Eh, I don't know about this.

RCU ensures that the css memory isn't freed.

The tryget ensures that the css is still alive and valid.

In this case, it just so happens that the sibling linkage is also rcu
protected. But accessing random css members when the refcount is 0 is
kind of sketchy. On the other hand, the refcount is guaranteed to be
valid, and rcu + tryget is a common pattern.

What does this buy us? The tryget is cheap.
Roman Gushchin July 25, 2024, 9:09 p.m. UTC | #3
On Thu, Jul 25, 2024 at 04:43:46PM -0400, Johannes Weiner wrote:
> On Wed, Jul 24, 2024 at 07:02:11PM +0000, Kinsey Ho wrote:
> > To obtain the pointer to the saved memcg position, mem_cgroup_iter()
> > currently holds css->refcnt during memcg traversal only to put
> > css->refcnt at the end of the routine. This isn't necessary as an
> > rcu_read_lock is already held throughout the function.
> > 
> > Remove css->refcnt usage during traversal by leveraging RCU.
> 
> Eh, I don't know about this.
> 
> RCU ensures that the css memory isn't freed.
> 
> The tryget ensures that the css is still alive and valid.
> 
> In this case, it just so happens that the sibling linkage is also rcu
> protected. But accessing random css members when the refcount is 0 is
> kind of sketchy. On the other hand, the refcount is guaranteed to be
> valid, and rcu + tryget is a common pattern.

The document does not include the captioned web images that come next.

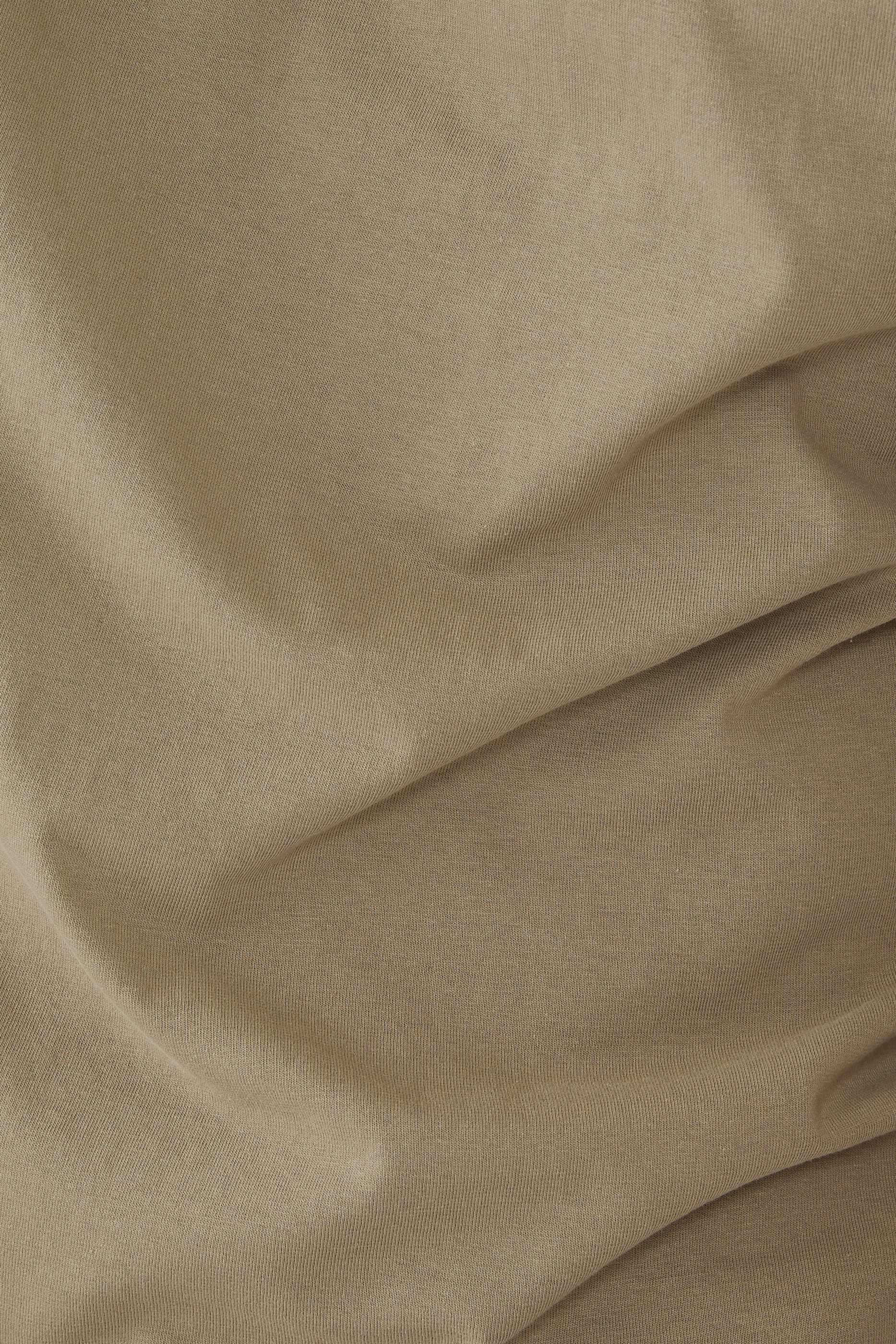 تيشيرت بشعار الماركة قطن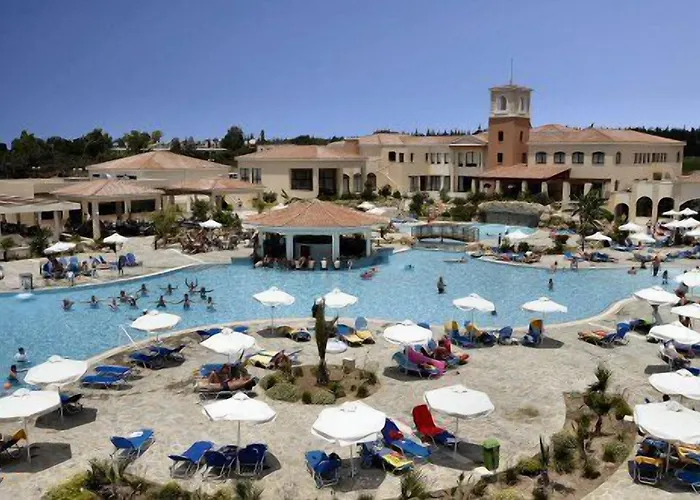 Avanti Village 4*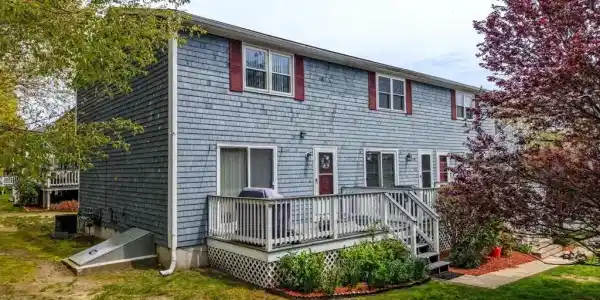 120 Lewin St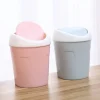 3 Mini Skraldespande i Plastik, Lille Bord-Skraldespand med Roterende Låg, til Hjemmet, Kontoret, Køkkenet, Toiletbordet, Soveværelset, Badeværelset (Blå+Grøn+Pink) | Fyndiq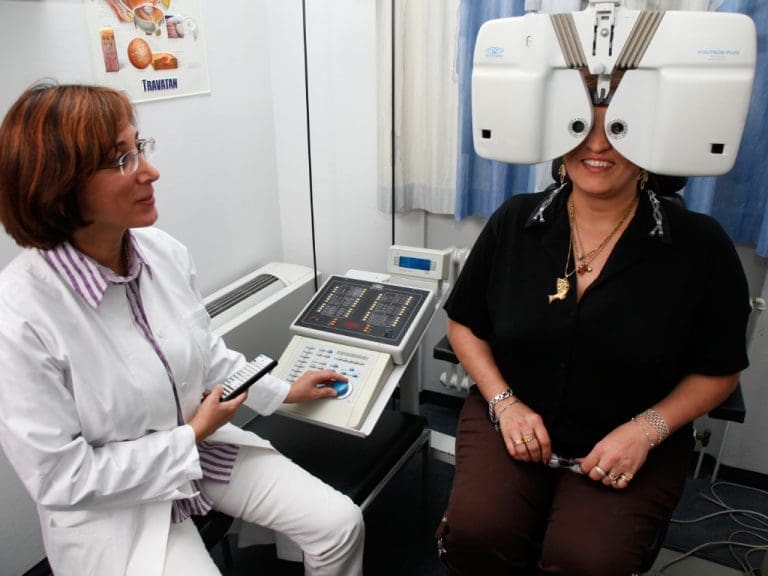 Augencheck für Autofahrer am Phoropter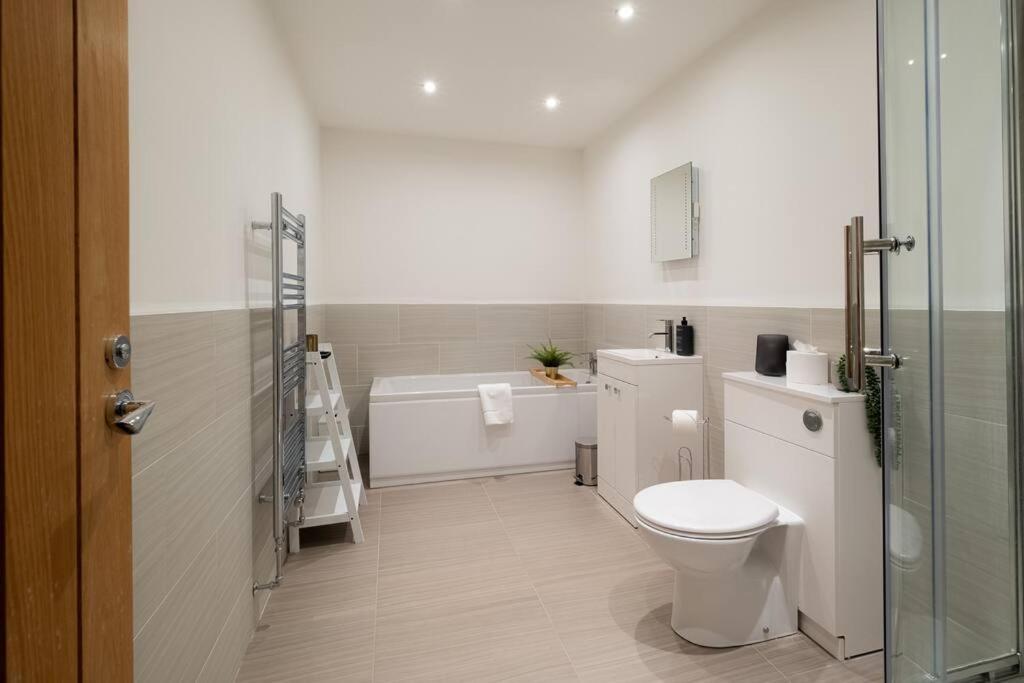 2 Bed 2 Bath Spacious Apartment In Central Αμπερντήν Εξωτερικό φωτογραφία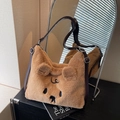 Braune flauschige Schultertasche mit süßer Bärenstickerei und Lederriemen - Khaki
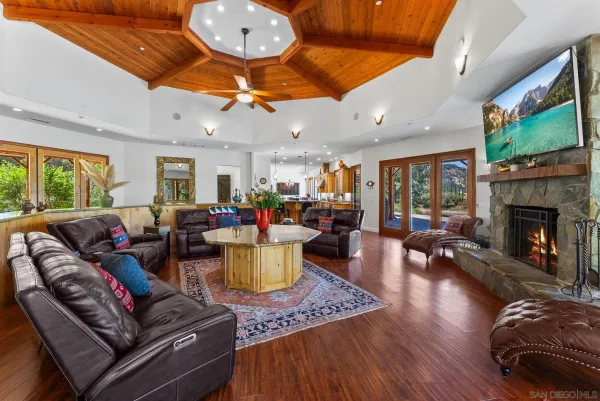 $3,600,000 | 7051 Mt Olympus Road, Fallbrook, CA 92028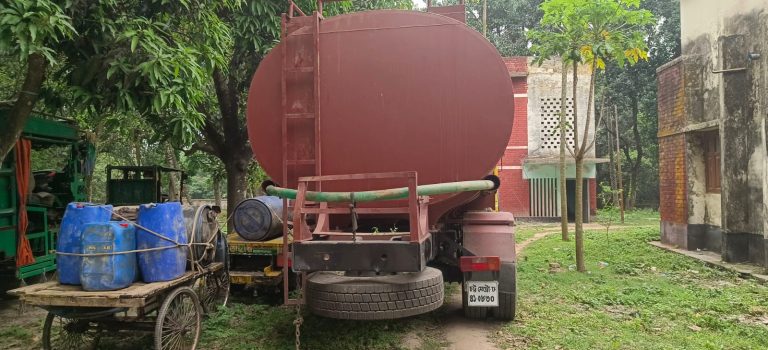 জ্বালানি তেল পাচারকান্ডে ভোলাহাট ফিলিং স্টেশনের দুইজন আটক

I also spent quite some time thinking about potential bad consequences,
but _it seems_ to be safe (but I agree it feels dangerous).

> 
> What does this buy us? The tryget is cheap.

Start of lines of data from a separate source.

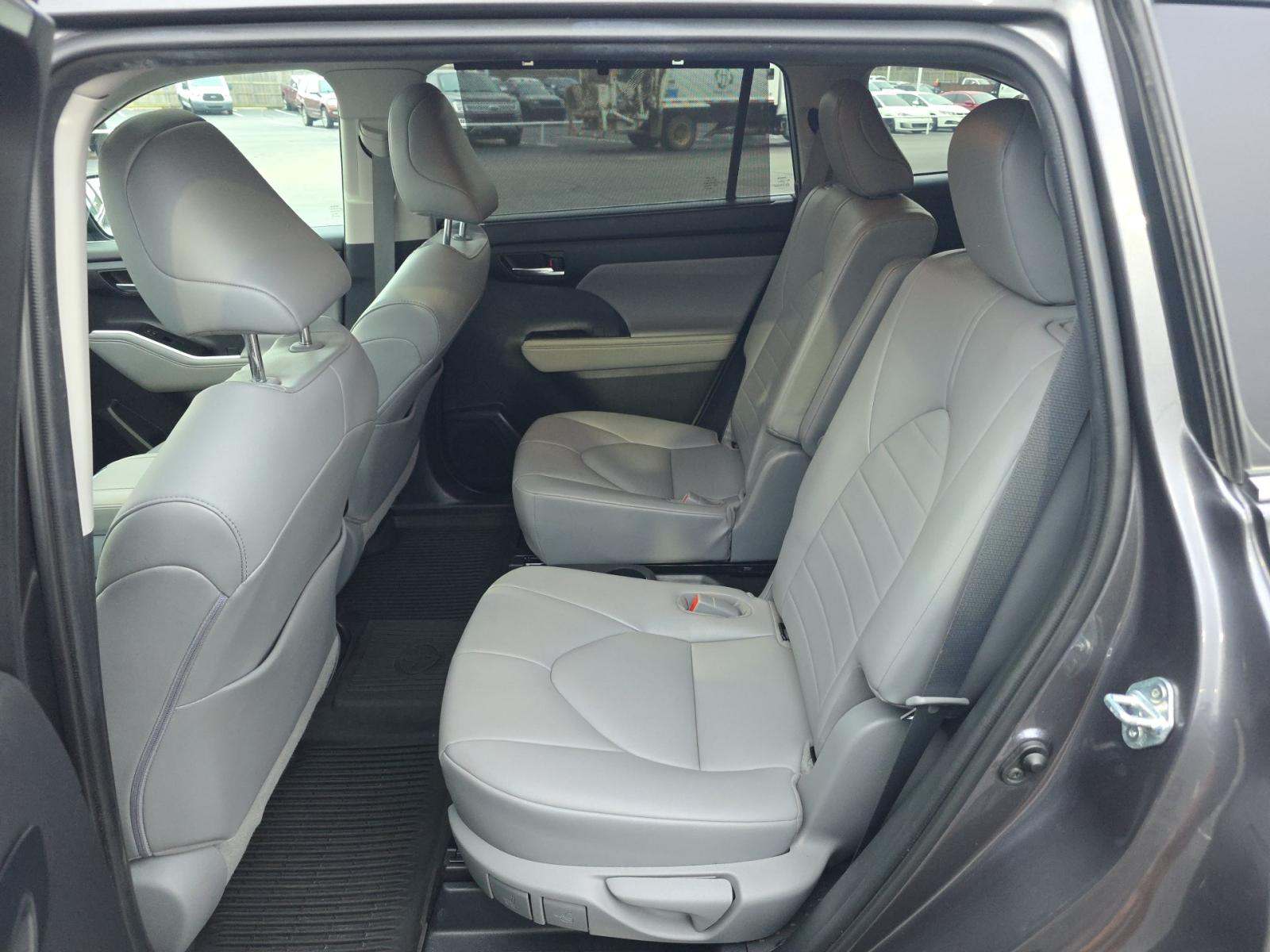 2021 Toyota Highlander XLE AWD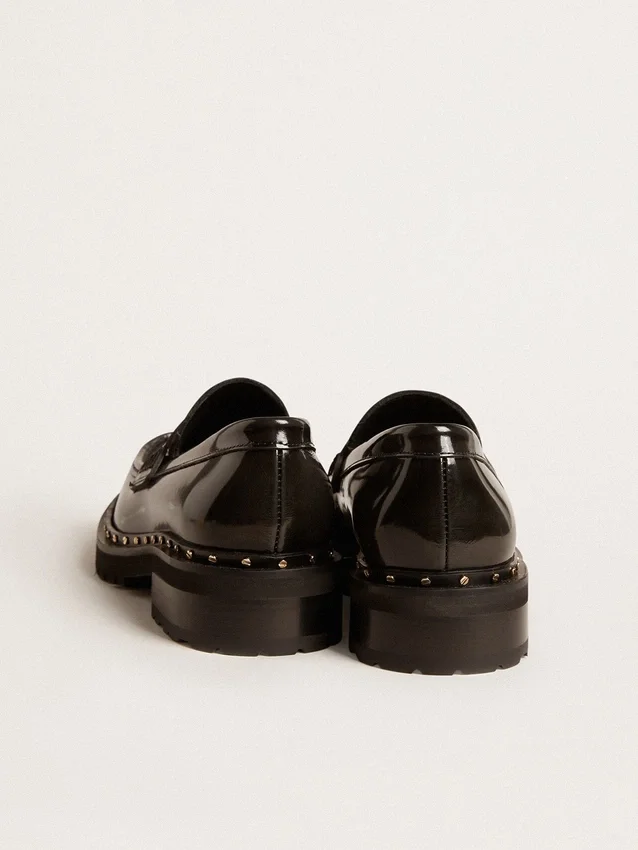Γυναικεία μοκασίνια τύπου loafers με χοντρό τακούνι από μαύρο δέρμα με καρφιά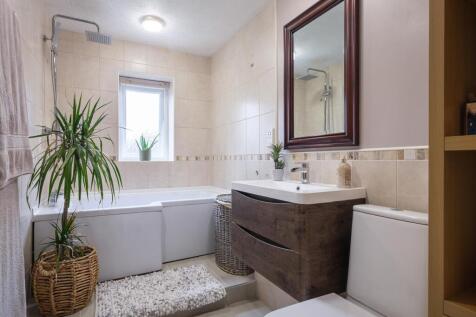 18 Chevral Close-18.jpg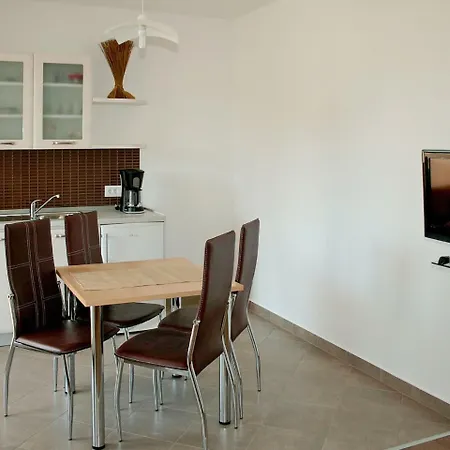Fineda Grande-3 Apartament *
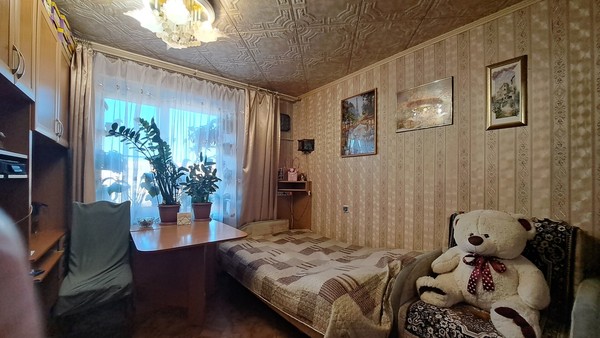 Продам комнату в 8-комн. квартире, Купчинская ул, 21к1, Санкт-Петербург г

To be fair, tryget is not always cheap. Offline/dying cgroups have an atomic
operation there.
Yosry Ahmed July 25, 2024, 10:33 p.m. UTC | #4
On Thu, Jul 25, 2024 at 1:43 PM Johannes Weiner <hannes@cmpxchg.org> wrote:
>
> On Wed, Jul 24, 2024 at 07:02:11PM +0000, Kinsey Ho wrote:
> > To obtain the pointer to the saved memcg position, mem_cgroup_iter()
> > currently holds css->refcnt during memcg traversal only to put
> > css->refcnt at the end of the routine. This isn't necessary as an
> > rcu_read_lock is already held throughout the function.
> >
> > Remove css->refcnt usage during traversal by leveraging RCU.
>
> Eh, I don't know about this.
>
> RCU ensures that the css memory isn't freed.
>
> The tryget ensures that the css is still alive and valid.
>
> In this case, it just so happens that the sibling linkage is also rcu
> protected. But accessing random css members when the refcount is 0 is
> kind of sketchy. On the other hand, the refcount is guaranteed to be
> valid, and rcu + tryget is a common pattern.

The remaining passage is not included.